Relative Masses, Molar Mass and Parts per Million
All atomic masses are measured on the carbon-12 scale, where one atom of ¹²C is assigned a mass of exactly 12 atomic mass units.
The relative atomic mass $({A}_{r})$ of an element is the weighted mean mass of its atoms compared with 1/12 the mass of a ¹²C atom. It is “weighted” because elements exist as mixtures of isotopes in fixed proportions, and $({A}_{r})$ accounts for both isotope masses and natural abundances.
The relative molecular mass $({M}_{r})$ is the sum of the $({A}_{r})$ values of all atoms shown in the molecular formula. For example, ${M}_{r}({H}_{2}O)=(2\times 1.0)+16.0=18.0$.
The relative formula mass is used for ionic compounds and other giant structures, since they do not exist as discrete molecules. It is calculated in the same way: by adding the $({A}_{r})$ values of every atom in the formula unit. For example, ${M}_{r}(NaCl)=23.0+35.5=58.5$.
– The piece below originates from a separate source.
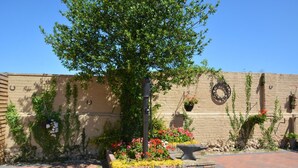 A courtyard with a brick pathway, a tree, and flower beds. - 2 Bed in Blofield Heath (oc-1467) (Hemblington)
The molar mass (M) is the mass of one mole of a substance, expressed in g mol⁻¹. Numerically the molar mass equals the relative molecular or formula mass, but it carries the unit g mol⁻¹, whereas $({M}_{r})$ is a dimensionless ratio.
Parts per million (ppm) is a unit for very dilute concentrations, defined as the number of mass units of a substance per million mass units of the total mixture. For atmospheric gases this is calculated as:
$$ppm=\frac{\text{mass of component}}{\text{total mass}}\times {10}^{6}$$
For example, atmospheric CO₂ at around 420 ppm corresponds to 420 g of CO₂ per million grams of air.
Worked Example: Calculating Mr and ppm
Calculate (a) the relative formula mass of ammonium sulfate, (NH₄)₂SO₄, and (b) the ppm of a pollutant when 0.080 g is present in 4000 g of air.
Part (a) — relative formula mass:
Sum of $({A}_{r})$ values:
$${M}_{r}=(2\times 14.0)+(8\times 1.0)+32.1+(4\times 16.0)$$
$${M}_{r}=28.0+8.0+32.1+64.0$$
$${M}_{r}=132.1$$
Part (b) — ppm calculation:
Equation used
$$ppm=\frac{\text{mass of component}}{\text{total mass}}\times {10}^{6}$$
Substitution:
$$ppm=\frac{0.080}{4000}\times {10}^{6}$$
$$ppm=20$$
Final answers: (a) ${M}_{r}=132.1$; (b) 20 ppm.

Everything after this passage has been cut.